TASK TO CARRY OUT:
Please set down each entry exactly, omitting any picture it holds.

Content starts

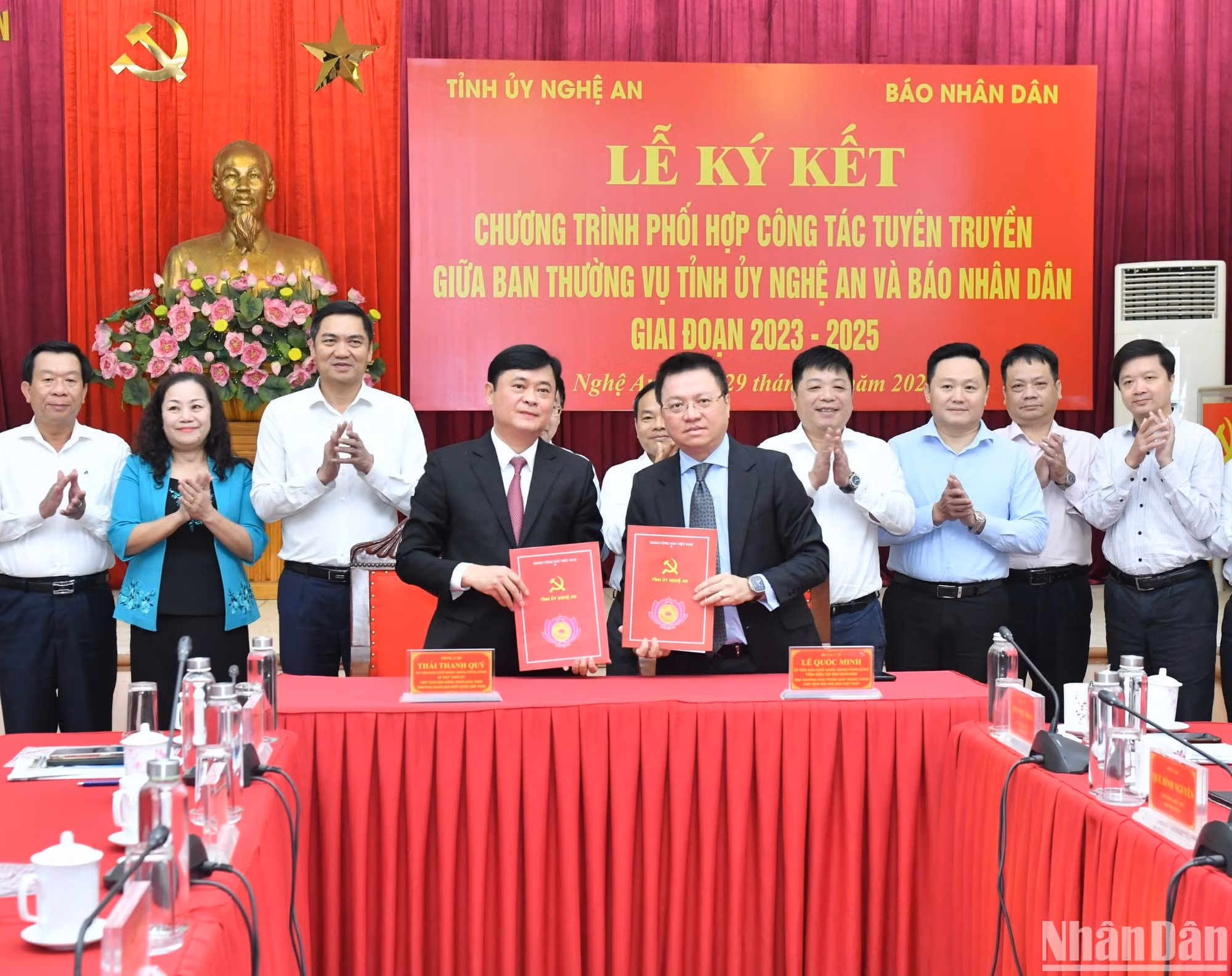 2023-2025年阶段《人民报》社与义安省省委的合作宣传计划签字仪式。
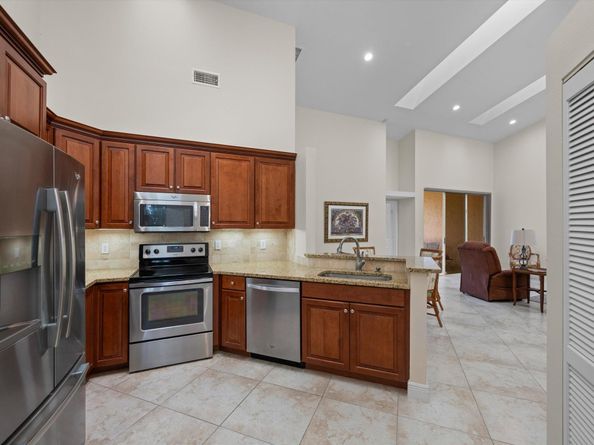 1802 Rosewood Way, Palm Beach Gardens FL 33418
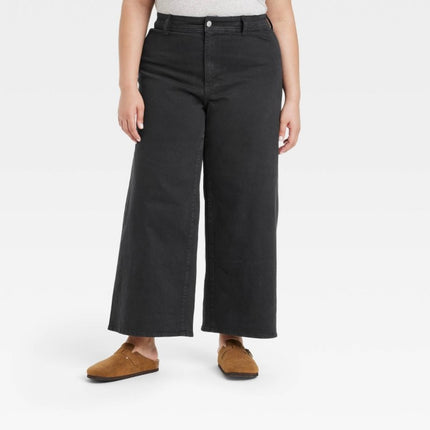 Universal Thread™ Women’s Plus Size Wide-Leg High-Rise Jeans, New with Tags.”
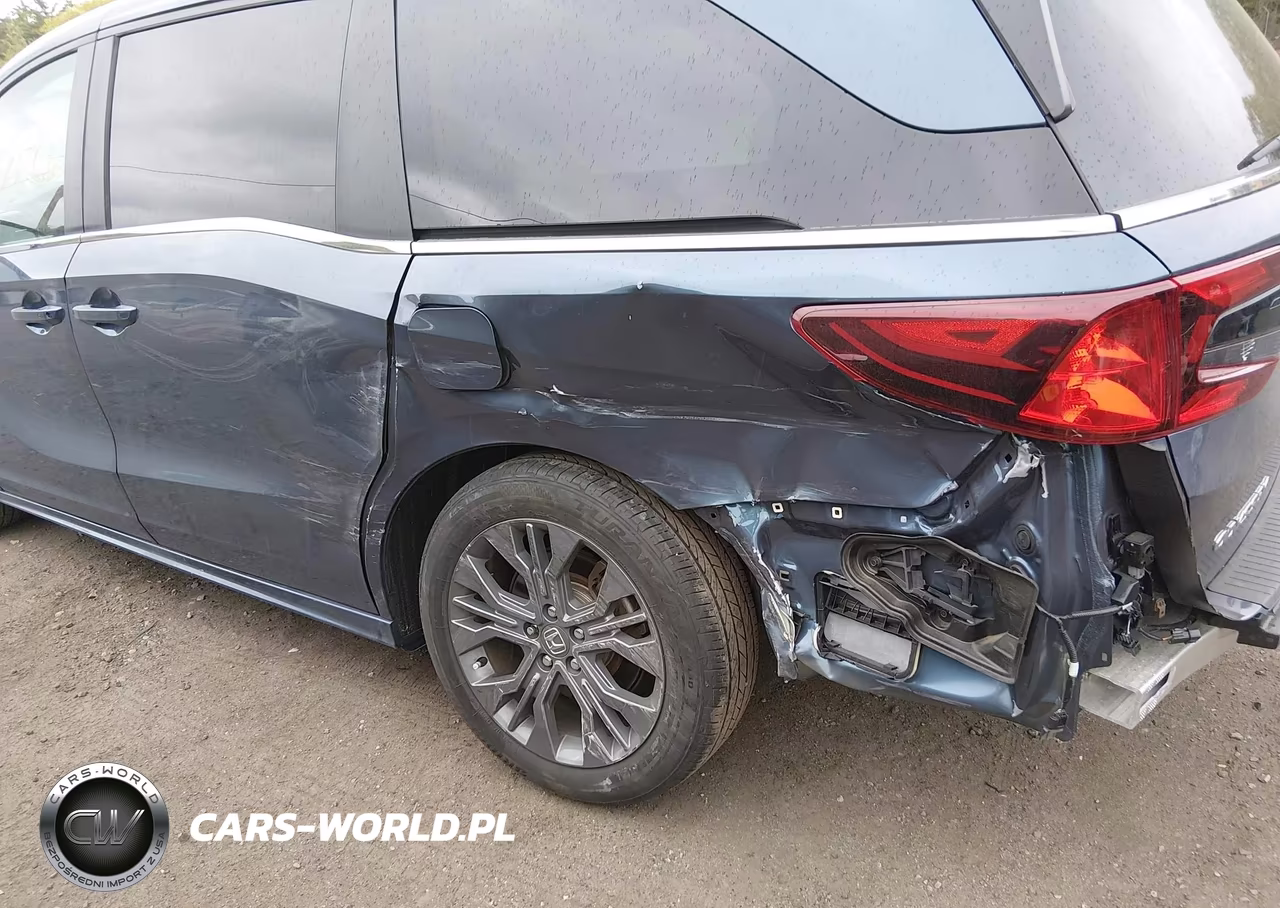 2025 Honda Odyssey Touring VIN:5FNRL6H89SB007304 - 6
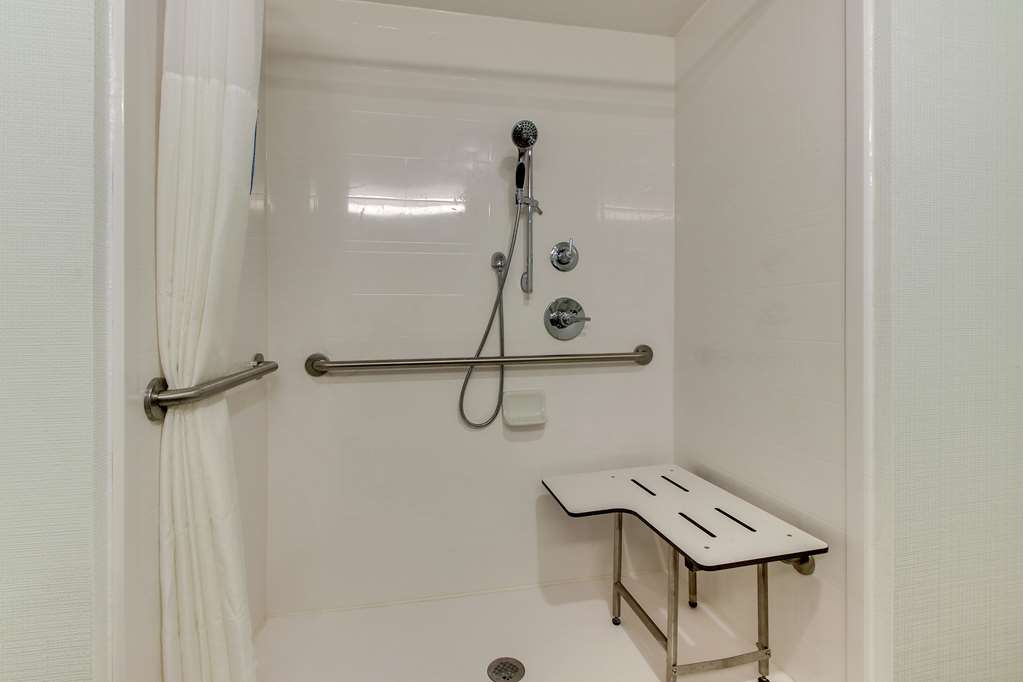 hampton inn indianapolis carmel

Content ends

RESULT:
 2023-2025年阶段《人民报》社与义安省省委的合作宣传计划签字仪式。
 1802 Rosewood Way, Palm Beach Gardens FL 33418
 Universal Thread™ Women’s Plus Size Wide-Leg High-Rise Jeans, New with Tags.”
 2025 Honda Odyssey Touring VIN:5FNRL6H89SB007304 - 6
 hampton inn indianapolis carmel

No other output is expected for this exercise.